WHAT THE TASK ASKS:
Using the entries that follow, write out the line containing "قفسه دیواری سفید", the line containing "201 organizador montado", and every line between them, exactly and nothing else.

(LISTED RECORDS Opens)

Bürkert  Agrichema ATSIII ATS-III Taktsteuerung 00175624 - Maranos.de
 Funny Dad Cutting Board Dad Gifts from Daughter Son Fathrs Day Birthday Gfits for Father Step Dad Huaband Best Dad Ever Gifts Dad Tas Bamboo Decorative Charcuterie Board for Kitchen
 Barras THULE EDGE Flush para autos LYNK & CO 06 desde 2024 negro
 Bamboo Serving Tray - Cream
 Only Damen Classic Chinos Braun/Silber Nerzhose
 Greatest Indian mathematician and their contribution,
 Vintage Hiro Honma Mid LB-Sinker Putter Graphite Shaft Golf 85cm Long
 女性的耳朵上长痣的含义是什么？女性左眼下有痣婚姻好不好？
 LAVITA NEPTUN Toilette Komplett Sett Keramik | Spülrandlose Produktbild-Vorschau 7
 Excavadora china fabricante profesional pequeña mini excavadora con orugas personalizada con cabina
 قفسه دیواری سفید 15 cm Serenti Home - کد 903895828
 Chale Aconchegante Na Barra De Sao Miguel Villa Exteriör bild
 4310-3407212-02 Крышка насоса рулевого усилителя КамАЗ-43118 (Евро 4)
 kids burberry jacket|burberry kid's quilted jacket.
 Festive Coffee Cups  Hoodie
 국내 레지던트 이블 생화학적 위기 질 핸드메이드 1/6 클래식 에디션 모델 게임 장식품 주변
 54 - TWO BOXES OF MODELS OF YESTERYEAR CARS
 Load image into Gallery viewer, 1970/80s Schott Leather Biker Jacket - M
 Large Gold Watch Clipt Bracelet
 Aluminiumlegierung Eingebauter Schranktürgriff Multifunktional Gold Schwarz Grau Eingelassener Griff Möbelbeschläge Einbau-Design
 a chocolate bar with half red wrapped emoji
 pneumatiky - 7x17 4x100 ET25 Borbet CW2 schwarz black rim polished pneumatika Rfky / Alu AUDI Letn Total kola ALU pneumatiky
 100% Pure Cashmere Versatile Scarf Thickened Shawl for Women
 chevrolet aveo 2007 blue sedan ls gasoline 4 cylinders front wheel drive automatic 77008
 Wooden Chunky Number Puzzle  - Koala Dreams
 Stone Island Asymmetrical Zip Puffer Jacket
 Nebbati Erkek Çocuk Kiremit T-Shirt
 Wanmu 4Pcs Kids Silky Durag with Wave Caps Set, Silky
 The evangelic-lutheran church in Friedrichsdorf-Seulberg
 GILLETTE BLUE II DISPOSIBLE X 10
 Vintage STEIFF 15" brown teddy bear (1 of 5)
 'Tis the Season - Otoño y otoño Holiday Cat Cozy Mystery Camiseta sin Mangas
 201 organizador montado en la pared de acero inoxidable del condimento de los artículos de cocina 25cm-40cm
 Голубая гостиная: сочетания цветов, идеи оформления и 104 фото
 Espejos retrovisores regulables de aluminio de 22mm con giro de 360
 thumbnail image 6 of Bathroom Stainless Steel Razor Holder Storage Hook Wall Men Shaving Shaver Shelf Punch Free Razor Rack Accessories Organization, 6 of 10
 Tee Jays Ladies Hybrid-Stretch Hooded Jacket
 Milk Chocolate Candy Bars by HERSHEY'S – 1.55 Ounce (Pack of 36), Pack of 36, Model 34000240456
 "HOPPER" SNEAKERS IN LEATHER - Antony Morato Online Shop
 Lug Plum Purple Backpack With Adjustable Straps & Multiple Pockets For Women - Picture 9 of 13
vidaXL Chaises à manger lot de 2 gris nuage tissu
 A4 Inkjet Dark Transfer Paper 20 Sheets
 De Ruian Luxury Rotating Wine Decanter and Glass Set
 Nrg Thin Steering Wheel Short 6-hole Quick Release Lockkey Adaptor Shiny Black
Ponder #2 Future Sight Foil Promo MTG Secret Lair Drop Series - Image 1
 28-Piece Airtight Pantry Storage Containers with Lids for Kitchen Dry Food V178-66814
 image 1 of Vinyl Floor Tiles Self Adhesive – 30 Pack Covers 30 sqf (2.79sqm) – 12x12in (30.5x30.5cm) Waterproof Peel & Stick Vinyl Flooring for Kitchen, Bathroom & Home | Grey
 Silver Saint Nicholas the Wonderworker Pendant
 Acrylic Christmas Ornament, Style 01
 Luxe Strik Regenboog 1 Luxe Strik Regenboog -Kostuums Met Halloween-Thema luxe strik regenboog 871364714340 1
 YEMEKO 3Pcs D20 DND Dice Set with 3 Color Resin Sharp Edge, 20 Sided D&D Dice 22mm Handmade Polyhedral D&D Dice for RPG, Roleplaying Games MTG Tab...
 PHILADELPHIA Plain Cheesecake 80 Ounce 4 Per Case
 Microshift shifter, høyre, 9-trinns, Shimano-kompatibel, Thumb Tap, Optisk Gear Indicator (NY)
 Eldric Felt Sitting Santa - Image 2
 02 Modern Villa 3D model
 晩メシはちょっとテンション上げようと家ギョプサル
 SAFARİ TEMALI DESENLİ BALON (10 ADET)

(LISTED RECORDS Closes)

RESULT OF THIS TASK:
 قفسه دیواری سفید 15 cm Serenti Home - کد 903895828
 Chale Aconchegante Na Barra De Sao Miguel Villa Exteriör bild
 4310-3407212-02 Крышка насоса рулевого усилителя КамАЗ-43118 (Евро 4)
 kids burberry jacket|burberry kid's quilted jacket.
 Festive Coffee Cups  Hoodie
 국내 레지던트 이블 생화학적 위기 질 핸드메이드 1/6 클래식 에디션 모델 게임 장식품 주변
 54 - TWO BOXES OF MODELS OF YESTERYEAR CARS
 Load image into Gallery viewer, 1970/80s Schott Leather Biker Jacket - M
 Large Gold Watch Clipt Bracelet
 Aluminiumlegierung Eingebauter Schranktürgriff Multifunktional Gold Schwarz Grau Eingelassener Griff Möbelbeschläge Einbau-Design
 a chocolate bar with half red wrapped emoji
 pneumatiky - 7x17 4x100 ET25 Borbet CW2 schwarz black rim polished pneumatika Rfky / Alu AUDI Letn Total kola ALU pneumatiky
 100% Pure Cashmere Versatile Scarf Thickened Shawl for Women
 chevrolet aveo 2007 blue sedan ls gasoline 4 cylinders front wheel drive automatic 77008
 Wooden Chunky Number Puzzle  - Koala Dreams
 Stone Island Asymmetrical Zip Puffer Jacket
 Nebbati Erkek Çocuk Kiremit T-Shirt
 Wanmu 4Pcs Kids Silky Durag with Wave Caps Set, Silky
 The evangelic-lutheran church in Friedrichsdorf-Seulberg
 GILLETTE BLUE II DISPOSIBLE X 10
 Vintage STEIFF 15" brown teddy bear (1 of 5)
 'Tis the Season - Otoño y otoño Holiday Cat Cozy Mystery Camiseta sin Mangas
 201 organizador montado en la pared de acero inoxidable del condimento de los artículos de cocina 25cm-40cm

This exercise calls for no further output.